1914-1915 Star; (L.4366 C.H. WINSBURY. O.S.3. R.N.)
Condition: Nearly Extremely Fine
Charles Henry Winsbury was born in Newington, London on 18th April 1897 and saw service as a Boy Servant from 18th April 1913. He would see service during the Great War aboard H.M.S. Irresistible which was assigned to the Channel Fleet. After operations with the Dover Patrol, during which she bombarded German forces in northern France, she was assigned to the Dardanelles Campaign in February 1915. She took part in numerous unsuccessful attacks on the Ottoman forts guarding the Dardanelles in February and March. These operations included several raids by landing parties to destroy Ottoman coastal artillery batteries. On 18 March, she struck a naval mine that caused extensive flooding and disabled her engines. Without power, she began to drift into the range of Turkish guns, which laid down a withering fire. Attempts to tow her failed, so her surviving crew was evacuated and Irresistible was abandoned and eventually sank. Her crew suffered around 150 killed in the sinking.
He would then transfer to H.M.S. Cornwallis, this ship had fired the first shots of the campaign on 19 February during a bombardment of Ottoman coastal defences. Over the following two months, she participated in numerous attacks on the forts that failed to destroy them, leading to the decision that a major ground attack would be necessary to neutralise the defences. Cornwallis supported the Landing at Cape Helles on 25 April and shelled Ottoman troops over the following month as the Allied soldiers sought to push further inland. She thereafter served with the Suez Canal Patrol and briefly on the East Indies Station until March 1916, when she returned to the Mediterranean. While on patrol off Malta on 9 January 1917, she was torpedoed and sunk by the German U-boat U-32.
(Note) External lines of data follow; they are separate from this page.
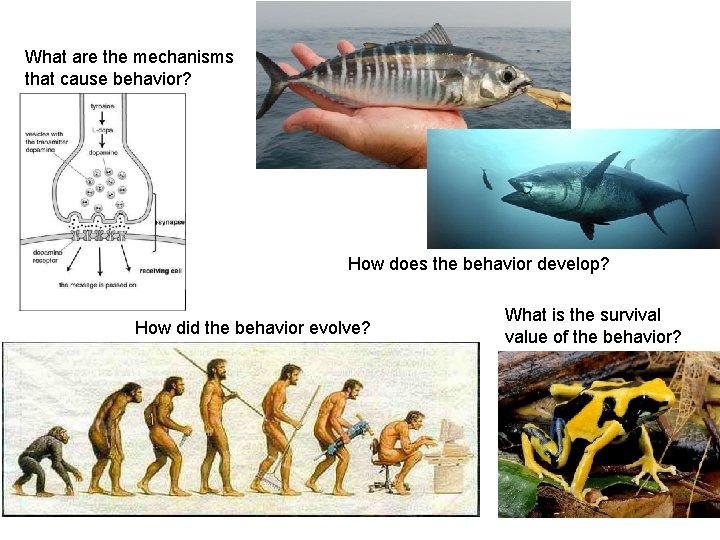 What are the mechanisms that cause behavior? How does the behavior develop? How did
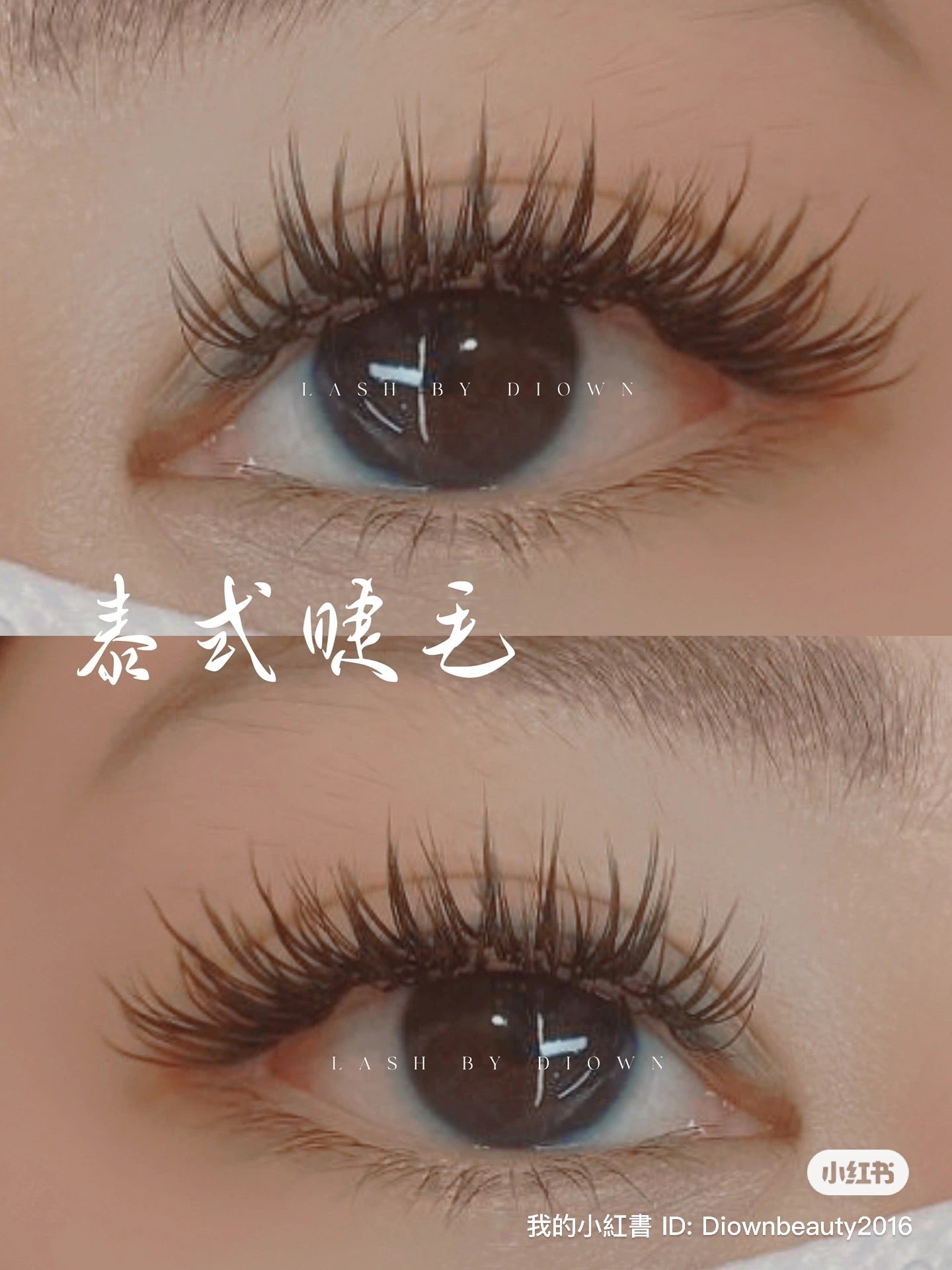 Advanced Lash Design Course
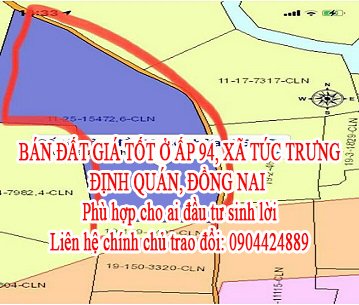 BÁN ĐẤT GIÁ TỐT Ở ẤP 94, XÃ TÚC TRƯNG, ĐỊNH QUÁN, ĐỒNG NAI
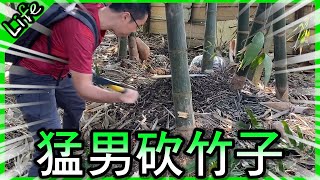 猛男砍竹子！原來竹子是這麼難砍的嗎？【胡子Life】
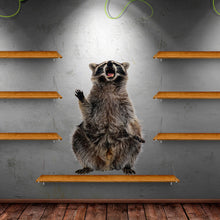 Load image into Gallery viewer, Funny Raccoon Animal Wall decal, Raccoon Wall sticker, modern wall art, Little Raccoon Buddy Vinyl Sticker Decal Multi Color AN-109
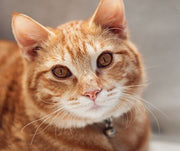 Ways to Celebrate National Cat Day 2020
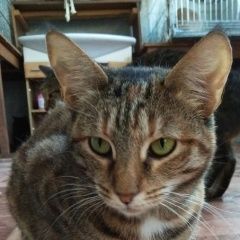 Подробнее об объявлении «Пропала кошка Самара» Фото: пропала кошка  «Пропала кошка Самара» в г. Самара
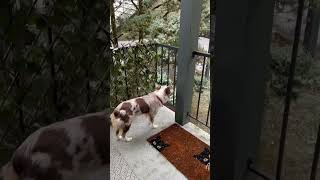 Mini aussie puppy 🐶 wonders at the SNOW 🌨️ (tuxedo boi 🐈‍⬛ cameos) #miniaussiepuppy #snowpuppy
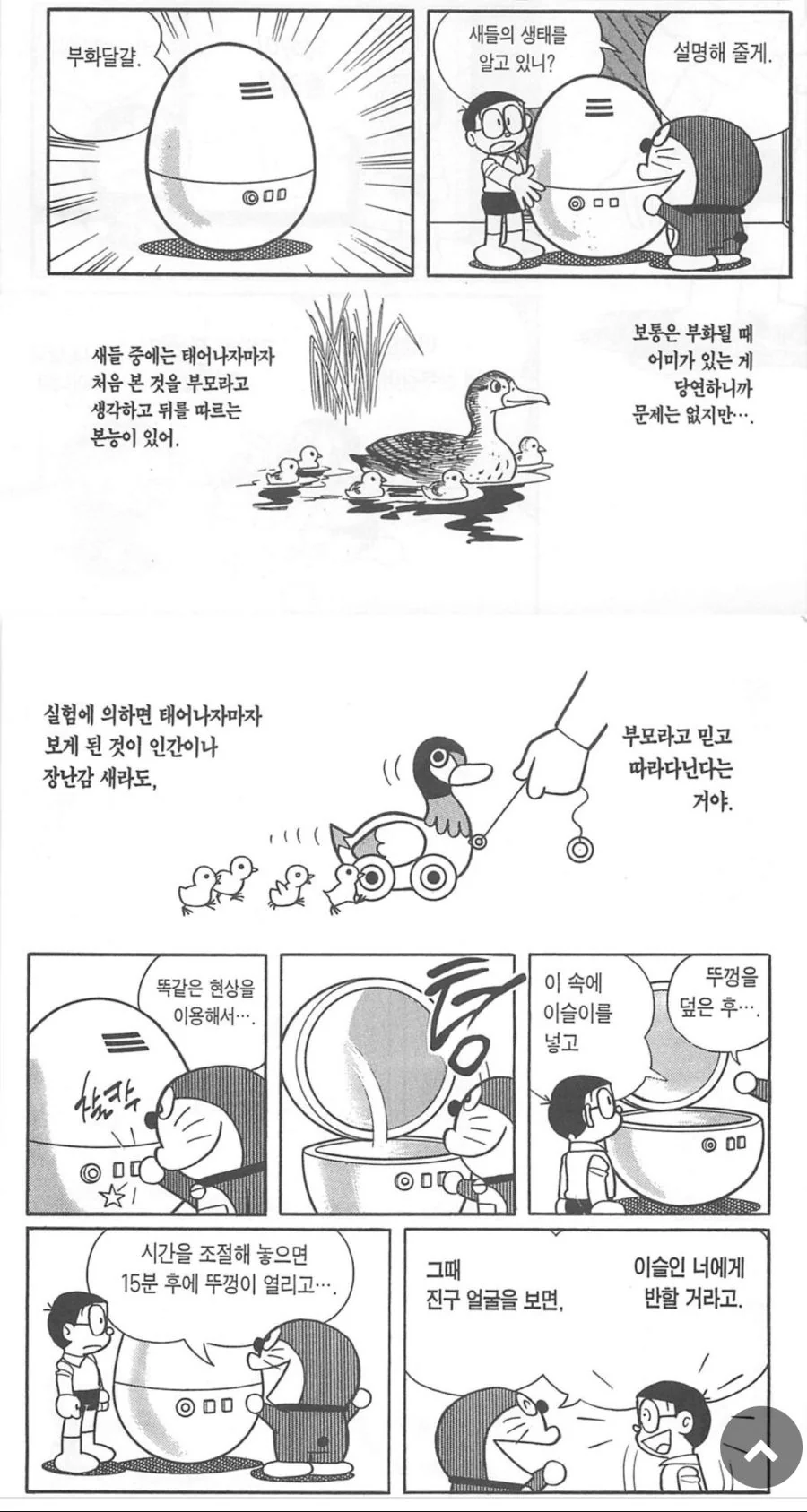 납치/감금/세뇌/ㅈㄱ/유아퇴행.manga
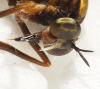 Blepharepium sp.
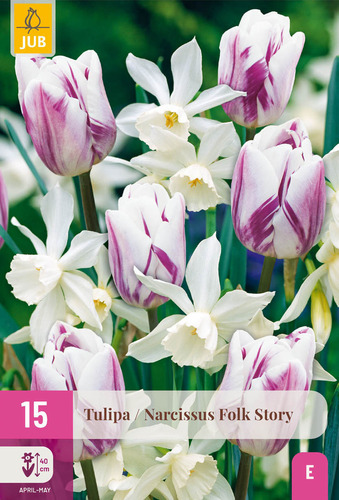 X 15 TULIPA / NARCISSUS FOLK STORY I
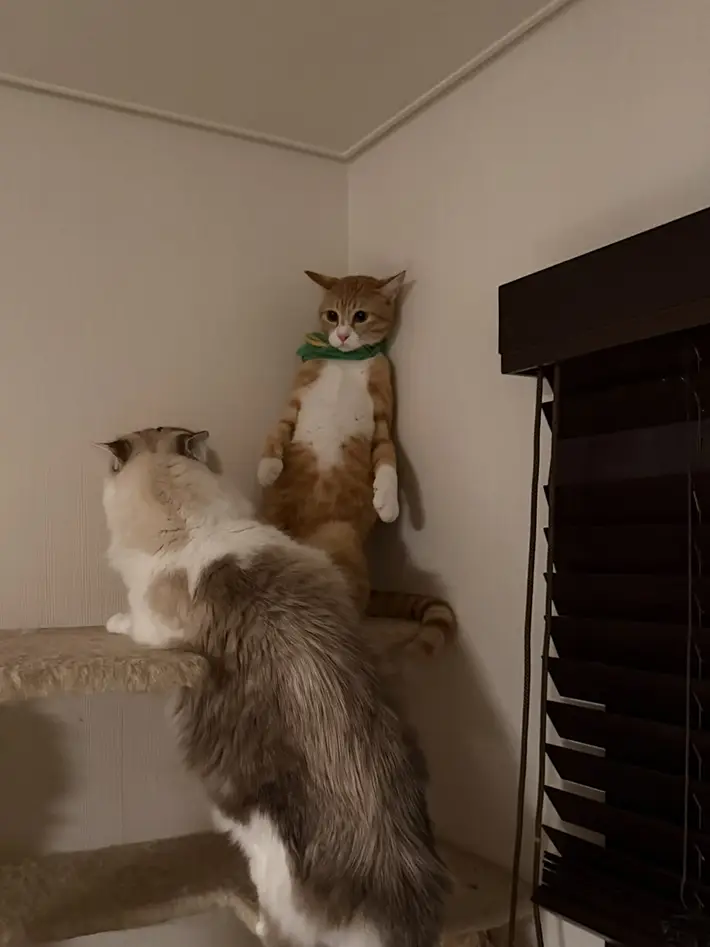2匹の猫の写真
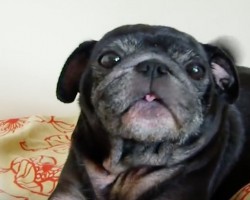 (Video) Watch How a Pug is a Little Camera Shy. But When Mom Does THIS? I’m Dying!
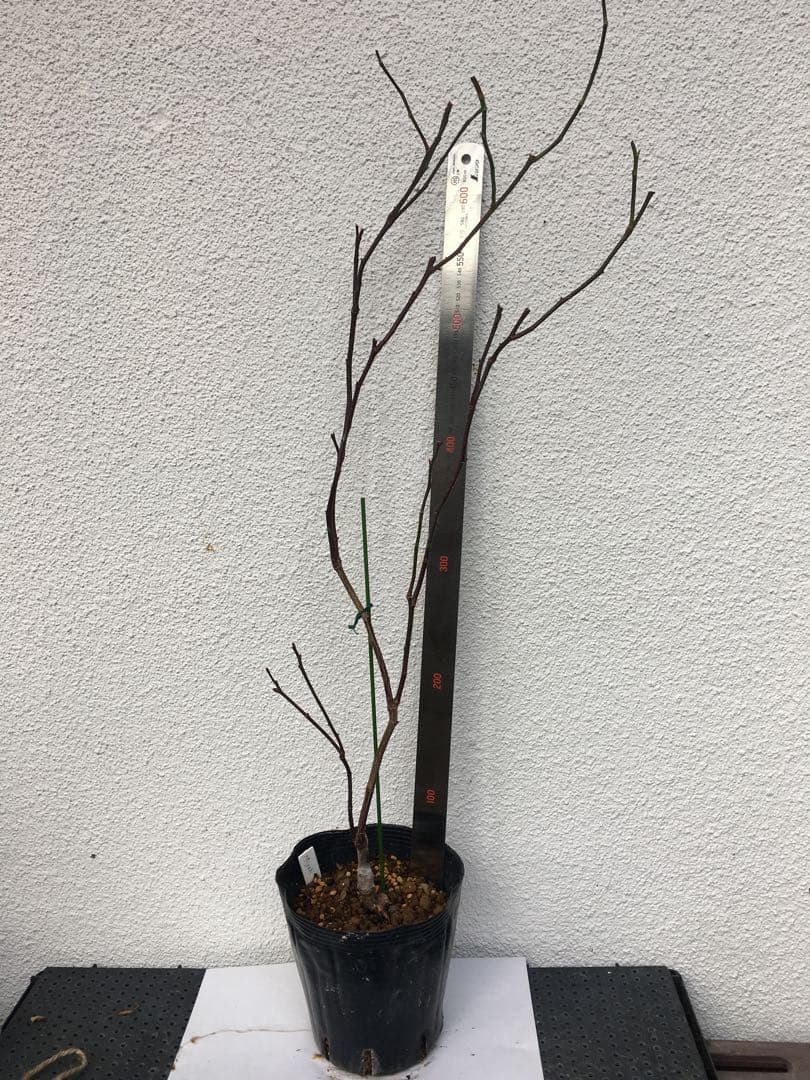 ろんしゃんさま専用　おまとめ３点バラ苗　切り花品種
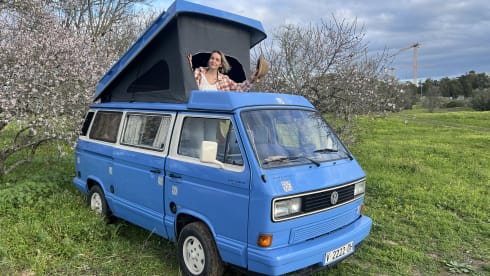 T3 – Rent a Campervan Blue CLassics ‘s Volkswagen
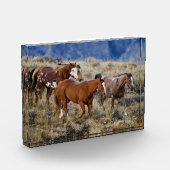 馬が丘を徘徊 フォトブロック (左)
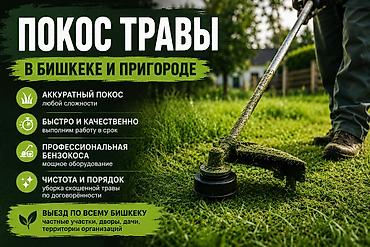 Клининговые услуги: Уборка территории, Стрижка газона — 1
On 9 January 1917, Cornwallis was hit on her starboard side by a torpedo from German U-boat U-32, commanded by Kurt Hartwig, in the eastern Mediterranean, 60 nautical miles (110 km; 69 mi) east of Malta. Some of her stokeholds flooded, causing her to list about ten degrees to starboard, but counter-flooding corrected the list. She was also rendered immobilised, which made her an easy target for a second attack from U-32, which was able to evade the depth charge attack from Cornwallis's escorting destroyers. By this time, the British had begun preparations to take her under tow, but Hartwig launched another torpedo at long range. About 75 minutes after the first torpedo hit, another struck Cornwallis, also on the starboard side, and the ship rolled quickly to starboard. Fifteen men were killed in the torpedo explosions, but she stayed afloat long enough to get the rest of the crew off. She sank about 30 minutes after the second torpedo hit.
Winsbury would also survive this sinking, and after several other uneventful appointments would be pensioned ashore on 22nd March 1920.